There are a few reasons why I’ve named my new Facebook business page The Full Cup.
The main idea is that I wanted to invoke feelings of positivity and optimism. The cup is all the way full instead of half full/half empty.
There’s also that familiar comforting that comes from a warm full cup of tea or coffee. That idea of comfort and peace is more and more important in this increasingly busy life full of anxiety.
There is a third meaning to The Full Cup and I’d like to share it with you.
The best relationship advice many people have heard is to not go to bed angry. I love that advice. It’s genius advice. It makes sense and it’s (relatively) easy to follow.
But there is another piece of advice I’ve read that I’m finally beginning to really understand. I’m understanding it because I’m finally living it and it’s not as complicated as I thought when I’d initially read about it.
The key to a successful and happy relationship is to keep your cup full.

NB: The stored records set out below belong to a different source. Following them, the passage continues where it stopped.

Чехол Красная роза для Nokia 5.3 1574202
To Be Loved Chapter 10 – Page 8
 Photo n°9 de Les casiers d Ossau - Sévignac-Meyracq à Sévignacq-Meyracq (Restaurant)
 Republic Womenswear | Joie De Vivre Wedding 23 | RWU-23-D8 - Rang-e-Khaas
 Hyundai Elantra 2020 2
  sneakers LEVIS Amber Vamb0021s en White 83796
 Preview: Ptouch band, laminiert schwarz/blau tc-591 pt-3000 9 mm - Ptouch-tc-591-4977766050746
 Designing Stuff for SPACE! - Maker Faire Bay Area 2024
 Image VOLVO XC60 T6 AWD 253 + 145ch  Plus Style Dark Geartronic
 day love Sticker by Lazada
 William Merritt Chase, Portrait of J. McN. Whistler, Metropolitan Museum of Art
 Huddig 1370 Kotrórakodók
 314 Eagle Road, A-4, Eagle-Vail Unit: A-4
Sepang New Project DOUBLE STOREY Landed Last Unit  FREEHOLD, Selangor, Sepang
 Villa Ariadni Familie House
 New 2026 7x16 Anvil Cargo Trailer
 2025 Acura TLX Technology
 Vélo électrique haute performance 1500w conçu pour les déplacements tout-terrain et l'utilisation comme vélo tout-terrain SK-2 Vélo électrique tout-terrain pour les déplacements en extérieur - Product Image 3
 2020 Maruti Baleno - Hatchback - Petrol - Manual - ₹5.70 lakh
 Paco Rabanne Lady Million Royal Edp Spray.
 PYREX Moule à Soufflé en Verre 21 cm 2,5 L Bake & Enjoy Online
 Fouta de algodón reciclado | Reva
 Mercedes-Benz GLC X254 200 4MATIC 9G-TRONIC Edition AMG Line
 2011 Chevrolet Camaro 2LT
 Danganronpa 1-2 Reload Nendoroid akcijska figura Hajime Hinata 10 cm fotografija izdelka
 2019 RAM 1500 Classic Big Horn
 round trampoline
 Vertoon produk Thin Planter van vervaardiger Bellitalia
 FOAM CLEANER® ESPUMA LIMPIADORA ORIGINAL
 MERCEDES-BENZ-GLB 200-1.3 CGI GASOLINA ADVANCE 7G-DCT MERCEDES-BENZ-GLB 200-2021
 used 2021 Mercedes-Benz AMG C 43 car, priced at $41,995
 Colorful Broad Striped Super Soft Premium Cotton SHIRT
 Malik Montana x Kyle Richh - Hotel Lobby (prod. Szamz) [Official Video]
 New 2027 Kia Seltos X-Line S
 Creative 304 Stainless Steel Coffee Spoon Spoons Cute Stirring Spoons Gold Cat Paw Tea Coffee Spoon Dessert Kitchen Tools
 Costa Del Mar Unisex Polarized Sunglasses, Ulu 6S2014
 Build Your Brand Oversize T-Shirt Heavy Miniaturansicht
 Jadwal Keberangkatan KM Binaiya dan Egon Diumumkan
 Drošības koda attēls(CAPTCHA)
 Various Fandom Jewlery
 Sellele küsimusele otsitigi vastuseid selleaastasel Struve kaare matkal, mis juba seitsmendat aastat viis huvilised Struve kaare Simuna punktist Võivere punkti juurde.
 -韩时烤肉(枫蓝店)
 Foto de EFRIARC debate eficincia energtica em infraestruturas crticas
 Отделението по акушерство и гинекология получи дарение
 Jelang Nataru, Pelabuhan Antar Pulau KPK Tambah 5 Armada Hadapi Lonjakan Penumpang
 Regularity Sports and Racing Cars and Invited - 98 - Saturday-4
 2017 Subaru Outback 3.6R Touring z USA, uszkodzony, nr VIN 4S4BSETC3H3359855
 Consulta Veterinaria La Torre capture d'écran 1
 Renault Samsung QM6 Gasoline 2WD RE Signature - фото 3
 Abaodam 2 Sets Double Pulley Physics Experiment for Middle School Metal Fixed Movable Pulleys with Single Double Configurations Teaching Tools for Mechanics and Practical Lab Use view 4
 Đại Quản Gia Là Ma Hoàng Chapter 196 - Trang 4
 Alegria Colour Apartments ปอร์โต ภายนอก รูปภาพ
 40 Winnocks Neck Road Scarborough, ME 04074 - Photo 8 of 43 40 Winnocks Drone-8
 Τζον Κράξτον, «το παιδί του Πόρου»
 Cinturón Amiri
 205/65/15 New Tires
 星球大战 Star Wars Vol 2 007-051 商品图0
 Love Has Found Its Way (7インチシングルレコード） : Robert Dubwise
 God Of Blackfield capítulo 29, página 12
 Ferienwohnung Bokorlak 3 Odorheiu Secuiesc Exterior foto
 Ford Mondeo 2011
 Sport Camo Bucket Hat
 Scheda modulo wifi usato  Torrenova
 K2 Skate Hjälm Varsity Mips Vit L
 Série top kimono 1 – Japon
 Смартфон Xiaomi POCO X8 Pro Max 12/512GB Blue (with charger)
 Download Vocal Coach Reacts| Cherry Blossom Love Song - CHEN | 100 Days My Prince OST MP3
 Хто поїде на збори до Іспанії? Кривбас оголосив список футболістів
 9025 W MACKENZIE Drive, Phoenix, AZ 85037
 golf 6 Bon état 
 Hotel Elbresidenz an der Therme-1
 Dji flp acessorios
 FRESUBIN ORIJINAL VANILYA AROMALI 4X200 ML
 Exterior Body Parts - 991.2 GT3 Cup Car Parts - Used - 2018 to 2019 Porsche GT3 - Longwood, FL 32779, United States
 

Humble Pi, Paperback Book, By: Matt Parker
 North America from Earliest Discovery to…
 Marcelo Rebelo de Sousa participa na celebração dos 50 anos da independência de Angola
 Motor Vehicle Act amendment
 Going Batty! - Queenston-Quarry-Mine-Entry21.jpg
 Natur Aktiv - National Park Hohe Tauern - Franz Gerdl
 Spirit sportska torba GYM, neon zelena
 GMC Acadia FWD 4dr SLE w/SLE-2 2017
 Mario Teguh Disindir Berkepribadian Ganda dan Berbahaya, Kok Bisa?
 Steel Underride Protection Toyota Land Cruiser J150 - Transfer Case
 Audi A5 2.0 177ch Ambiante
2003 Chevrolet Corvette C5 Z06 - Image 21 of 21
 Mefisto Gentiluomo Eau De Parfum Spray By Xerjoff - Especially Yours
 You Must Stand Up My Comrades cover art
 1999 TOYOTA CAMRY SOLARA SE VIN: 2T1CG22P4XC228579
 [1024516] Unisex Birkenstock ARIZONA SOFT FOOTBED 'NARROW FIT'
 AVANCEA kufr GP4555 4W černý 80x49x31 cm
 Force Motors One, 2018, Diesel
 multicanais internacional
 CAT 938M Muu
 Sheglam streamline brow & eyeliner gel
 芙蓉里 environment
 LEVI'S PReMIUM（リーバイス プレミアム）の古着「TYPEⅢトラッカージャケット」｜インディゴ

Or your “happy relationship account balance” topped up. If you’re making more deposits of love and respect into your relationship than withdrawals then you’re doing it right! Similarly, if your partner is draining your cup/making withdrawals without depositing enough love in the relationship bank then some communication is in order.
Always communicate communicate communicate!
If there is some tension between us, my partner and I determine what is triggering the tension we are able to work through it together. All of the kindness and understanding comes from the communication and acknowledgement of any issues we might be quietly dealing with inside. So there is no resentment. No more withdrawals from the relationship bank.
It’s give and take. There is no take without a lot of give. And it works.